Stepper motors are brushless DC motors which can move in discrete steps thanks to the special coil arrangement inside. They are very popular in DIY and industry projects which require accurate mechanical movement control. In this SSolo PCB project, they building a dual stepper motor driver shield based on two Allegro A4988 ICs which can supply up to 35V and 2A and provide overcurrent and thermal protection.
There are two separate motor drivers on the board, DRIVER A and DRIVR B. Each driver has separate power and motor phase connections over the terminal blocks and control signals connected to Arduino. There are five driving modes controlled by MS1, MS2 and MS3 jumpers which sets the Full Step, Half Step, Quarter Step, Eighth Step and Sixteenth Step modes that affects the motor movement accuracy.
The jumper and the resistor connected to the ROSC pin sets the decay mode of the driver. If you solder the 0R resistor and remove the jumper, the pin is pulled to the Ground. If you don’t solder the 0R and place the jumper, the pin is pulled to the VCC. More detailed explanation about the decay modes are explained on the A4988 datasheet.

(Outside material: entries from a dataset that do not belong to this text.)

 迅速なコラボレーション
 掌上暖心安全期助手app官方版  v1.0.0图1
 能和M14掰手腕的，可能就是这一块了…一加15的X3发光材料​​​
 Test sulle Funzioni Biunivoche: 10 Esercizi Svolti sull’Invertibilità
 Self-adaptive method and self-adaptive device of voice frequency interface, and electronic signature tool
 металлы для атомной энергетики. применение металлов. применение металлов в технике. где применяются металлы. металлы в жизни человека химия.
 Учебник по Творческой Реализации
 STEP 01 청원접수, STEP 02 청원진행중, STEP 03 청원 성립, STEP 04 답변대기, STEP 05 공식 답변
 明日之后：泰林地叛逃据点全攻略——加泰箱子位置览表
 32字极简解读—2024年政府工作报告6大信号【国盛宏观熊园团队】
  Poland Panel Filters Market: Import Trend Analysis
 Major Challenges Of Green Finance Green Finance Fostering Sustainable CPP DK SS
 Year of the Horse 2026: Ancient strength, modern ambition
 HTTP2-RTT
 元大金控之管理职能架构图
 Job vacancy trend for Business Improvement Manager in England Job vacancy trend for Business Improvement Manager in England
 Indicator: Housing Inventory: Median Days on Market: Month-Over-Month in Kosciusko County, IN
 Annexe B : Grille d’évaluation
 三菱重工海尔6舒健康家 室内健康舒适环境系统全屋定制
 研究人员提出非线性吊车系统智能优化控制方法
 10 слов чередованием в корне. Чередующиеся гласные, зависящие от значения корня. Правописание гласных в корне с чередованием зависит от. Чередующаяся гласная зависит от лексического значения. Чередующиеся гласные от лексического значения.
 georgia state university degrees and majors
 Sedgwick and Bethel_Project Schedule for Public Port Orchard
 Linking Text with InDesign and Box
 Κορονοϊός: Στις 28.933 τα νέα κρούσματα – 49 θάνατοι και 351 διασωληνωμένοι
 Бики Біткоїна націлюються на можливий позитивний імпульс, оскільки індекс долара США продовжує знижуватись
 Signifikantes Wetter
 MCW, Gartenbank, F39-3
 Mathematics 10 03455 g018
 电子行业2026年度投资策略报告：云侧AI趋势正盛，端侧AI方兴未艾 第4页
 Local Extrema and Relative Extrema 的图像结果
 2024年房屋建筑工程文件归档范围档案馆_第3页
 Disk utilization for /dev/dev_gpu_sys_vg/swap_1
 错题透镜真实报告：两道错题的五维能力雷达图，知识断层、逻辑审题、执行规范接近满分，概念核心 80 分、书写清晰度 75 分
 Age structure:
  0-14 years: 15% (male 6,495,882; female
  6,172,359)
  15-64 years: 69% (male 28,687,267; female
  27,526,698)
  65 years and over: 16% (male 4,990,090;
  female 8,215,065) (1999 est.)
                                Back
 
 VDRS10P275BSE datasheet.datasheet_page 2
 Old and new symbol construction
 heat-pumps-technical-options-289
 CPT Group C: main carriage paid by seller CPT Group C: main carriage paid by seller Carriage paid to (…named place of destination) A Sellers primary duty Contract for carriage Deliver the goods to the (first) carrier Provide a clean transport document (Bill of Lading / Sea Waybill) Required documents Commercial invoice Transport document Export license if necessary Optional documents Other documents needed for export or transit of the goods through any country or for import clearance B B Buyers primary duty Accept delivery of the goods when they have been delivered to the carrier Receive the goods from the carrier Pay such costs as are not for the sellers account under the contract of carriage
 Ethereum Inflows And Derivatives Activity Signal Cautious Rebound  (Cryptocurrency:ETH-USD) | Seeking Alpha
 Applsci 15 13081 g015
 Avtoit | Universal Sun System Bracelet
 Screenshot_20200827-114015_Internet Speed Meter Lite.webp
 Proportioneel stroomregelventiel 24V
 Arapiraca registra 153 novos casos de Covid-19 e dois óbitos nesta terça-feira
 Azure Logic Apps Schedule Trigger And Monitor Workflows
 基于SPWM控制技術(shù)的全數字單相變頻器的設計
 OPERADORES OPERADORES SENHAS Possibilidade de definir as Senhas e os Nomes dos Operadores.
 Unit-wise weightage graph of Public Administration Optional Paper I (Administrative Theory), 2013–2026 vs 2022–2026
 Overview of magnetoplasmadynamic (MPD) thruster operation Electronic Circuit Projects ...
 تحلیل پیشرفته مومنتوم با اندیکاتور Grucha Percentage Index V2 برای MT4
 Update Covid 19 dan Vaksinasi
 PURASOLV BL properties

There are both SMD and through hole components on the board. The most difficult part of the assembly is soldering A4988 ICs. First you should apply solder to the PCB pads and then place and align the IC very carefully. Then by using a hot air gun, apply heat just under the PCB to the IC region. The solder will melt and the IC will be self aligned and soldered.
To improve the thermal performance, small heatsink can be attached on the ICs. To determine whether cooling is required in your application, you can calculate the junction temperature in your application ambient by using the Rdson resistance and the junction to ambient thermal resistance of the component.